*Task*: For the data below, restate word for word only the lines from the line containing "Britanny Ferries" through the line containing "Hotel Natura Rogla Buitenkant foto", both ends included.

=== Listed entries ===

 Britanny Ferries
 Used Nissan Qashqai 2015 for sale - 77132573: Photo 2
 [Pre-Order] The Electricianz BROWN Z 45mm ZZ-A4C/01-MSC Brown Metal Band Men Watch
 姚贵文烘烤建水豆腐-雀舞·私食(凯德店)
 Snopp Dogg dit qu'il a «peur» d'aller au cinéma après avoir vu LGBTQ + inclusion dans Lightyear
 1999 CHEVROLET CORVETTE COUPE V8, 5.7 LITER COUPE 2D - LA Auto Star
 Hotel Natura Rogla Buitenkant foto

===
=== Listed entries ===

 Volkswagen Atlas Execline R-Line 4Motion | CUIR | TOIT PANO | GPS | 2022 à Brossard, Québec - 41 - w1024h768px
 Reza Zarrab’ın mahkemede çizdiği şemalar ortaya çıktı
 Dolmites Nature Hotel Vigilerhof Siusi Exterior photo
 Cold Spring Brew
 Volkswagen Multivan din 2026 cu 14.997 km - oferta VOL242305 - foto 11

===

*Result for this task*:
 Britanny Ferries
 Used Nissan Qashqai 2015 for sale - 77132573: Photo 2
 [Pre-Order] The Electricianz BROWN Z 45mm ZZ-A4C/01-MSC Brown Metal Band Men Watch
 姚贵文烘烤建水豆腐-雀舞·私食(凯德店)
 Snopp Dogg dit qu'il a «peur» d'aller au cinéma après avoir vu LGBTQ + inclusion dans Lightyear
 1999 CHEVROLET CORVETTE COUPE V8, 5.7 LITER COUPE 2D - LA Auto Star
 Hotel Natura Rogla Buitenkant foto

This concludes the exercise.